There is much to celebrate about the past 30 years of APS, an organization founded to advance the science of psychology. And that includes a key part of the APS membership — students. From its inception in 1988, APS has boasted a large student base. Of its 30,000 members, more than 13,000 are students. Like APS itself, the APS Student Caucus (APSSC) came from humble beginnings but has grown to serve the needs of students through funding, programming, and career-development opportunities.

History of the APSSC

When APS was founded in 1988, membership grew quickly; after 6 months, more than one third of members were students. In 1989, a group of students at the Second Annual APS Convention established what we now know as the APSSC, with an understanding that serving students would be key to the success of APS. In those days, Alan Kraut, founding Executive Director of APS, began a tradition of hosting APSSC Executive Board members together with APS Board members to discuss the strategies and goals of both groups over dinner.
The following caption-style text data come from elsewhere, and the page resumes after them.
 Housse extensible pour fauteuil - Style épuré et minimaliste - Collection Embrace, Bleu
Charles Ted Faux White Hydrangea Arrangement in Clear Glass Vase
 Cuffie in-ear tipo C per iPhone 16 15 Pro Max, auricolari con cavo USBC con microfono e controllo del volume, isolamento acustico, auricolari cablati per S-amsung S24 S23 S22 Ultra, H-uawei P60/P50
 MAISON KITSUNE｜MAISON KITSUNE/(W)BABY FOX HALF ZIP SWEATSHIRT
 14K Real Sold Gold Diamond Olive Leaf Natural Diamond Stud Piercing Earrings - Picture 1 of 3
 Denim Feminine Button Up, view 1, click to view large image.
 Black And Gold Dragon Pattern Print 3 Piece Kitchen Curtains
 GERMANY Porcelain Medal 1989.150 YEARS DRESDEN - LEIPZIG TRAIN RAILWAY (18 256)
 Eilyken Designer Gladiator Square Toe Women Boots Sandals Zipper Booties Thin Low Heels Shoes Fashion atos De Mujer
Although things have changed since the early 1990s, the APSSC Executive Board still meets each year in Washington, D.C., to discuss strategies for better serving APS student members. Over the past 30 years, many things have changed as APSSC has grown to meet the evolving needs of its students. Below are just a few of the things that APSSC offers.

Commitment to Diversity

Over the past several years, APS has increased its commitment to promoting diversity within its membership. From early on, APSSC supported this mission through the Researching Injustice and Social Equality (RISE) Research Award, which was given to four student members who conducted research in fields related to socially and economically underrepresented populations. In 2016, APSSC moved to expand the reach of the RISE Research Award. Now, in addition to recognizing research related to underrepresented populations, the 2018 RISE Research Award will also recognize students from diverse racial, ethnic, geographic, and cultural backgrounds, as well as from other underrepresented groups in psychological science. In addition to having their work recognized at the Annual Convention, RISE Research Award winners also receive a monetary award.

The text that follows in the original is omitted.